### [Task instructions]
Word for word, restate all of the entries.

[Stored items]

* * * * * * * * *

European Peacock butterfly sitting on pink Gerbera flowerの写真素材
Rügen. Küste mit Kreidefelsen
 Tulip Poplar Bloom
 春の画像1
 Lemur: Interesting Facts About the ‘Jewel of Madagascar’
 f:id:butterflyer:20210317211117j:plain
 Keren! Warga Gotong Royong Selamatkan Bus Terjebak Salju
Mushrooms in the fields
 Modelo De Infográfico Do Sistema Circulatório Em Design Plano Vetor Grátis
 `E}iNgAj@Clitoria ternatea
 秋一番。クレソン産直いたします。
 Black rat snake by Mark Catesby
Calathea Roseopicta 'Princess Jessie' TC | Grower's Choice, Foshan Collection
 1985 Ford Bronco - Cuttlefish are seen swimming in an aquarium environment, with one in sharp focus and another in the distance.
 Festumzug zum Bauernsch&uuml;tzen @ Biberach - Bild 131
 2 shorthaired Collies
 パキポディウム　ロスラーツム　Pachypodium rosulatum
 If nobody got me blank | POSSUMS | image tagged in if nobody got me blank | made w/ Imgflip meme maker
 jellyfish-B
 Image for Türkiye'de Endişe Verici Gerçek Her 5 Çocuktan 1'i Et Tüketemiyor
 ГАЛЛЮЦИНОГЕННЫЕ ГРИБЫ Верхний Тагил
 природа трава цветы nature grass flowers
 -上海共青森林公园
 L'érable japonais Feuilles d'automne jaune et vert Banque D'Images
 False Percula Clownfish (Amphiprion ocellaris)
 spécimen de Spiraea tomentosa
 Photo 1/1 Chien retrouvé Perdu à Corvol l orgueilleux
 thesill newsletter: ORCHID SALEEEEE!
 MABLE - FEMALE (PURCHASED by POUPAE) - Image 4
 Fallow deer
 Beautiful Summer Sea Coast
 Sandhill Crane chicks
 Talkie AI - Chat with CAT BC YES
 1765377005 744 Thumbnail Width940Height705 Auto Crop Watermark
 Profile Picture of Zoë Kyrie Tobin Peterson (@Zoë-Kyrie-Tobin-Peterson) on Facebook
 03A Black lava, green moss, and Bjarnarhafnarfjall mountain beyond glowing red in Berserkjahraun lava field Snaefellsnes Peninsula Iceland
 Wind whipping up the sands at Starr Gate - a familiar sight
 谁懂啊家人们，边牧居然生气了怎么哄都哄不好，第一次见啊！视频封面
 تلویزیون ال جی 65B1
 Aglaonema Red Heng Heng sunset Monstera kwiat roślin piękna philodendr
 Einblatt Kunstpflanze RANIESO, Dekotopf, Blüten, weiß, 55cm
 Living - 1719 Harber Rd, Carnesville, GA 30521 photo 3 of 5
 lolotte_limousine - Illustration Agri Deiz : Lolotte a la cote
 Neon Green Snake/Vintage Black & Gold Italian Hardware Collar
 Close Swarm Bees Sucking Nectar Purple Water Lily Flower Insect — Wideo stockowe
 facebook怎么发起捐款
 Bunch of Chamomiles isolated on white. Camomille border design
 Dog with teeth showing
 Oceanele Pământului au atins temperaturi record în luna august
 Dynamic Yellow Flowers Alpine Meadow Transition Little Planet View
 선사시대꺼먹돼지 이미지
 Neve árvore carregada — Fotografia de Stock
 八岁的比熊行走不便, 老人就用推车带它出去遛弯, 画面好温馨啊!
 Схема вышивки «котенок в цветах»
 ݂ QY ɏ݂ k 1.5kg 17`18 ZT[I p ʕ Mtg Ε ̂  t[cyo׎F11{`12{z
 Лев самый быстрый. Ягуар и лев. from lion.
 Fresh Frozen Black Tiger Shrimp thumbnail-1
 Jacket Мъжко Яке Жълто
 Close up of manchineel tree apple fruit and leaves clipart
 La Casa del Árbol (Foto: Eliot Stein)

* * * * * * * * *

### [Reply to the task]
European Peacock butterfly sitting on pink Gerbera flowerの写真素材
Rügen. Küste mit Kreidefelsen
 Tulip Poplar Bloom
 春の画像1
 Lemur: Interesting Facts About the ‘Jewel of Madagascar’
 f:id:butterflyer:20210317211117j:plain
 Keren! Warga Gotong Royong Selamatkan Bus Terjebak Salju
Mushrooms in the fields
 Modelo De Infográfico Do Sistema Circulatório Em Design Plano Vetor Grátis
 `E}iNgAj@Clitoria ternatea
 秋一番。クレソン産直いたします。
 Black rat snake by Mark Catesby
Calathea Roseopicta 'Princess Jessie' TC | Grower's Choice, Foshan Collection
 1985 Ford Bronco - Cuttlefish are seen swimming in an aquarium environment, with one in sharp focus and another in the distance.
 Festumzug zum Bauernsch&uuml;tzen @ Biberach - Bild 131
 2 shorthaired Collies
 パキポディウム　ロスラーツム　Pachypodium rosulatum
 If nobody got me blank | POSSUMS | image tagged in if nobody got me blank | made w/ Imgflip meme maker
 jellyfish-B
 Image for Türkiye'de Endişe Verici Gerçek Her 5 Çocuktan 1'i Et Tüketemiyor
 ГАЛЛЮЦИНОГЕННЫЕ ГРИБЫ Верхний Тагил
 природа трава цветы nature grass flowers
 -上海共青森林公园
 L'érable japonais Feuilles d'automne jaune et vert Banque D'Images
 False Percula Clownfish (Amphiprion ocellaris)
 spécimen de Spiraea tomentosa
 Photo 1/1 Chien retrouvé Perdu à Corvol l orgueilleux
 thesill newsletter: ORCHID SALEEEEE!
 MABLE - FEMALE (PURCHASED by POUPAE) - Image 4
 Fallow deer
 Beautiful Summer Sea Coast
 Sandhill Crane chicks
 Talkie AI - Chat with CAT BC YES
 1765377005 744 Thumbnail Width940Height705 Auto Crop Watermark
 Profile Picture of Zoë Kyrie Tobin Peterson (@Zoë-Kyrie-Tobin-Peterson) on Facebook
 03A Black lava, green moss, and Bjarnarhafnarfjall mountain beyond glowing red in Berserkjahraun lava field Snaefellsnes Peninsula Iceland
 Wind whipping up the sands at Starr Gate - a familiar sight
 谁懂啊家人们，边牧居然生气了怎么哄都哄不好，第一次见啊！视频封面
 تلویزیون ال جی 65B1
 Aglaonema Red Heng Heng sunset Monstera kwiat roślin piękna philodendr
 Einblatt Kunstpflanze RANIESO, Dekotopf, Blüten, weiß, 55cm
 Living - 1719 Harber Rd, Carnesville, GA 30521 photo 3 of 5
 lolotte_limousine - Illustration Agri Deiz : Lolotte a la cote
 Neon Green Snake/Vintage Black & Gold Italian Hardware Collar
 Close Swarm Bees Sucking Nectar Purple Water Lily Flower Insect — Wideo stockowe
 facebook怎么发起捐款
 Bunch of Chamomiles isolated on white. Camomille border design
 Dog with teeth showing
 Oceanele Pământului au atins temperaturi record în luna august
 Dynamic Yellow Flowers Alpine Meadow Transition Little Planet View
 선사시대꺼먹돼지 이미지
 Neve árvore carregada — Fotografia de Stock
 八岁的比熊行走不便, 老人就用推车带它出去遛弯, 画面好温馨啊!
 Схема вышивки «котенок в цветах»
 ݂ QY ɏ݂ k 1.5kg 17`18 ZT[I p ʕ Mtg Ε ̂  t[cyo׎F11{`12{z
 Лев самый быстрый. Ягуар и лев. from lion.
 Fresh Frozen Black Tiger Shrimp thumbnail-1
 Jacket Мъжко Яке Жълто
 Close up of manchineel tree apple fruit and leaves clipart
 La Casa del Árbol (Foto: Eliot Stein)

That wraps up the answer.